The writing is exemplary and showcases Jordan’s love for Maria against his attraction for the formidable Pilar. The Spaniards are shown to be terse folk, a little worried about the ramifications of the bridge and being hunted to death in the hills, but on the whole behind the task of flushing out the brutal Fascists. The Fascists are portrayed using the usual literary devices of overhead planes and armoured tanks to convey far-off omnipotence. The Republicans are shown to be equally brutal in some cases, especially in the recounting of the death-flails in the plaza above the river. Hemingway succeeds in shining a ray of light on one slender facet of the war, in illuminating the lives and characters of a few people in a confused and angry time.
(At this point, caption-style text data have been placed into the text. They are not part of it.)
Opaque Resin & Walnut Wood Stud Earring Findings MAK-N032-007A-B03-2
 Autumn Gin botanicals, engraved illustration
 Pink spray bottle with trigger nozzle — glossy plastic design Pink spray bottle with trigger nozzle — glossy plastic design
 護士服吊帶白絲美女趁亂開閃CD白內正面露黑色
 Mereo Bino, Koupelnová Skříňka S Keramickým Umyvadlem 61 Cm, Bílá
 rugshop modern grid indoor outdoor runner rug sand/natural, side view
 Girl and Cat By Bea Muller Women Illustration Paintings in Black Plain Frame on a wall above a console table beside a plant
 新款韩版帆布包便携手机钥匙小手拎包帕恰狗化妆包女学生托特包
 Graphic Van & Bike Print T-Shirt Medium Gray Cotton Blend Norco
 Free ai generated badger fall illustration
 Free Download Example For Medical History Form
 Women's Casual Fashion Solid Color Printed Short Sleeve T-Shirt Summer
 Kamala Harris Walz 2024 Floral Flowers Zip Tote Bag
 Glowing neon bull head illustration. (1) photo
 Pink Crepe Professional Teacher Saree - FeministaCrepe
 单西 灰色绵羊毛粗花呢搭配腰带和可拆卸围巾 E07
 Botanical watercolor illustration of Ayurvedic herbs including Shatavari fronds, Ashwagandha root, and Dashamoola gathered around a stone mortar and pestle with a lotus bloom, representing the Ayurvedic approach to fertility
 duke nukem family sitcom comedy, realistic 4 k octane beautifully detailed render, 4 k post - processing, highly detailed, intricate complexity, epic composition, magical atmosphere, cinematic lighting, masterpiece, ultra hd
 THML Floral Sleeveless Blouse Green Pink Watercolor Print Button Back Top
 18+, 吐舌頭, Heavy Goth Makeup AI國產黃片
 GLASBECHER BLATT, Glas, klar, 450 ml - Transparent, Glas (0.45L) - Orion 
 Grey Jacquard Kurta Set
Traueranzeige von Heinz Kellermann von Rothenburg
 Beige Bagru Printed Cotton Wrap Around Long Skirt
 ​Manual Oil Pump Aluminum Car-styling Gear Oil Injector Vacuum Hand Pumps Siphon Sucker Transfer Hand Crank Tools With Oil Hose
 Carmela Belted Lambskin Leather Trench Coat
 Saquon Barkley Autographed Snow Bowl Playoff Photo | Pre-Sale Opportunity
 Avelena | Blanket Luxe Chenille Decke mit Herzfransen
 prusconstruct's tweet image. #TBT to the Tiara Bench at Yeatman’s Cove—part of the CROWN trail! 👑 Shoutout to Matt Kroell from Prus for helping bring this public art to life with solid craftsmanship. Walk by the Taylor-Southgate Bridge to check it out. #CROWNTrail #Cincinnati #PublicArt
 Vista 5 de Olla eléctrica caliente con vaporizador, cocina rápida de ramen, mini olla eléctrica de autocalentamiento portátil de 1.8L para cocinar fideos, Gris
You can’t help but feel for Maria and for Robert Jordan, especially when the song of hate keens within him. Not reading this book is simply not an option.
With that ringing endorsement, I leave you with the poem the book got its title from.
No man is an Iland, intire of it selfe; every man is a peece of the Continent, a part of the maine; if a Clod bee washed away by the Sea, Europe is the lesse, as well as if a Promontorie were, as well as if a Mannor of thy friends or of thine owne were; any mans death diminishes me, because I am involved in Mankinde; And therefore never send to know for whom the bell tolls; It tolls for thee.